:: Problem ::
Whatever appears in the records, write it out again exactly.
:: Dataset content
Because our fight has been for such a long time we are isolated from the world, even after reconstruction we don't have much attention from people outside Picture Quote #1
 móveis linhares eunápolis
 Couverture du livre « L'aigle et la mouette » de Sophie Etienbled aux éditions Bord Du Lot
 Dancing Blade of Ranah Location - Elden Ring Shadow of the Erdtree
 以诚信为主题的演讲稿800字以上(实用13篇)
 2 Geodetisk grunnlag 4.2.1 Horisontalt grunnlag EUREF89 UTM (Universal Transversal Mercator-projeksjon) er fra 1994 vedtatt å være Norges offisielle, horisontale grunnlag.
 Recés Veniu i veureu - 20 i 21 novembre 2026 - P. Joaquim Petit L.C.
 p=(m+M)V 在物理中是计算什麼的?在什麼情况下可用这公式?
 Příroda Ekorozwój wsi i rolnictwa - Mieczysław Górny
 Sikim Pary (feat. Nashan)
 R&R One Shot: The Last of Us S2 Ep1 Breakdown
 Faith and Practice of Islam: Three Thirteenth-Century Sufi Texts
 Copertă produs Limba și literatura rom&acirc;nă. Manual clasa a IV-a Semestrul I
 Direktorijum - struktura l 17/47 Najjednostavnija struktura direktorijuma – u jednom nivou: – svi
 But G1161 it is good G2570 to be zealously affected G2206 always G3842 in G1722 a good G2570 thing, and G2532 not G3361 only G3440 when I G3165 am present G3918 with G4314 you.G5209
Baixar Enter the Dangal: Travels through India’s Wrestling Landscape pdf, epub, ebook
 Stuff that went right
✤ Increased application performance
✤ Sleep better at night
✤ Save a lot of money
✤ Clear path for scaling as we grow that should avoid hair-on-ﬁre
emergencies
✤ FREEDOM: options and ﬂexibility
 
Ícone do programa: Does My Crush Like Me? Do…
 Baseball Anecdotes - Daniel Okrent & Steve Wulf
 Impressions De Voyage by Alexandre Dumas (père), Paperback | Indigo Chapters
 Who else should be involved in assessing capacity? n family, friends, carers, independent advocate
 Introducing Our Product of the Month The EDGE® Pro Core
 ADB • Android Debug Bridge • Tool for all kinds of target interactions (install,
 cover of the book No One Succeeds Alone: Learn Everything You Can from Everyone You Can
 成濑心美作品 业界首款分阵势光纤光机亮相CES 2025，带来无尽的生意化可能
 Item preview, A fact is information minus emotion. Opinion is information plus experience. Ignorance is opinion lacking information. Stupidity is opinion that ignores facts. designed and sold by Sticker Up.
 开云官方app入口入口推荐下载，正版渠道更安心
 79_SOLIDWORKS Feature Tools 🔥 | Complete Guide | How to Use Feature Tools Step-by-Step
::::
:: Finished exercise ::
Because our fight has been for such a long time we are isolated from the world, even after reconstruction we don't have much attention from people outside Picture Quote #1
 móveis linhares eunápolis
 Couverture du livre « L'aigle et la mouette » de Sophie Etienbled aux éditions Bord Du Lot
 Dancing Blade of Ranah Location - Elden Ring Shadow of the Erdtree
 以诚信为主题的演讲稿800字以上(实用13篇)
 2 Geodetisk grunnlag 4.2.1 Horisontalt grunnlag EUREF89 UTM (Universal Transversal Mercator-projeksjon) er fra 1994 vedtatt å være Norges offisielle, horisontale grunnlag.
 Recés Veniu i veureu - 20 i 21 novembre 2026 - P. Joaquim Petit L.C.
 p=(m+M)V 在物理中是计算什麼的?在什麼情况下可用这公式?
 Příroda Ekorozwój wsi i rolnictwa - Mieczysław Górny
 Sikim Pary (feat. Nashan)
 R&R One Shot: The Last of Us S2 Ep1 Breakdown
 Faith and Practice of Islam: Three Thirteenth-Century Sufi Texts
 Copertă produs Limba și literatura rom&acirc;nă. Manual clasa a IV-a Semestrul I
 Direktorijum - struktura l 17/47 Najjednostavnija struktura direktorijuma – u jednom nivou: – svi
 But G1161 it is good G2570 to be zealously affected G2206 always G3842 in G1722 a good G2570 thing, and G2532 not G3361 only G3440 when I G3165 am present G3918 with G4314 you.G5209
Baixar Enter the Dangal: Travels through India’s Wrestling Landscape pdf, epub, ebook
 Stuff that went right
✤ Increased application performance
✤ Sleep better at night
✤ Save a lot of money
✤ Clear path for scaling as we grow that should avoid hair-on-ﬁre
emergencies
✤ FREEDOM: options and ﬂexibility
 
Ícone do programa: Does My Crush Like Me? Do…
 Baseball Anecdotes - Daniel Okrent & Steve Wulf
 Impressions De Voyage by Alexandre Dumas (père), Paperback | Indigo Chapters
 Who else should be involved in assessing capacity? n family, friends, carers, independent advocate
 Introducing Our Product of the Month The EDGE® Pro Core
 ADB • Android Debug Bridge • Tool for all kinds of target interactions (install,
 cover of the book No One Succeeds Alone: Learn Everything You Can from Everyone You Can
 成濑心美作品 业界首款分阵势光纤光机亮相CES 2025，带来无尽的生意化可能
 Item preview, A fact is information minus emotion. Opinion is information plus experience. Ignorance is opinion lacking information. Stupidity is opinion that ignores facts. designed and sold by Sticker Up.
 开云官方app入口入口推荐下载，正版渠道更安心
 79_SOLIDWORKS Feature Tools 🔥 | Complete Guide | How to Use Feature Tools Step-by-Step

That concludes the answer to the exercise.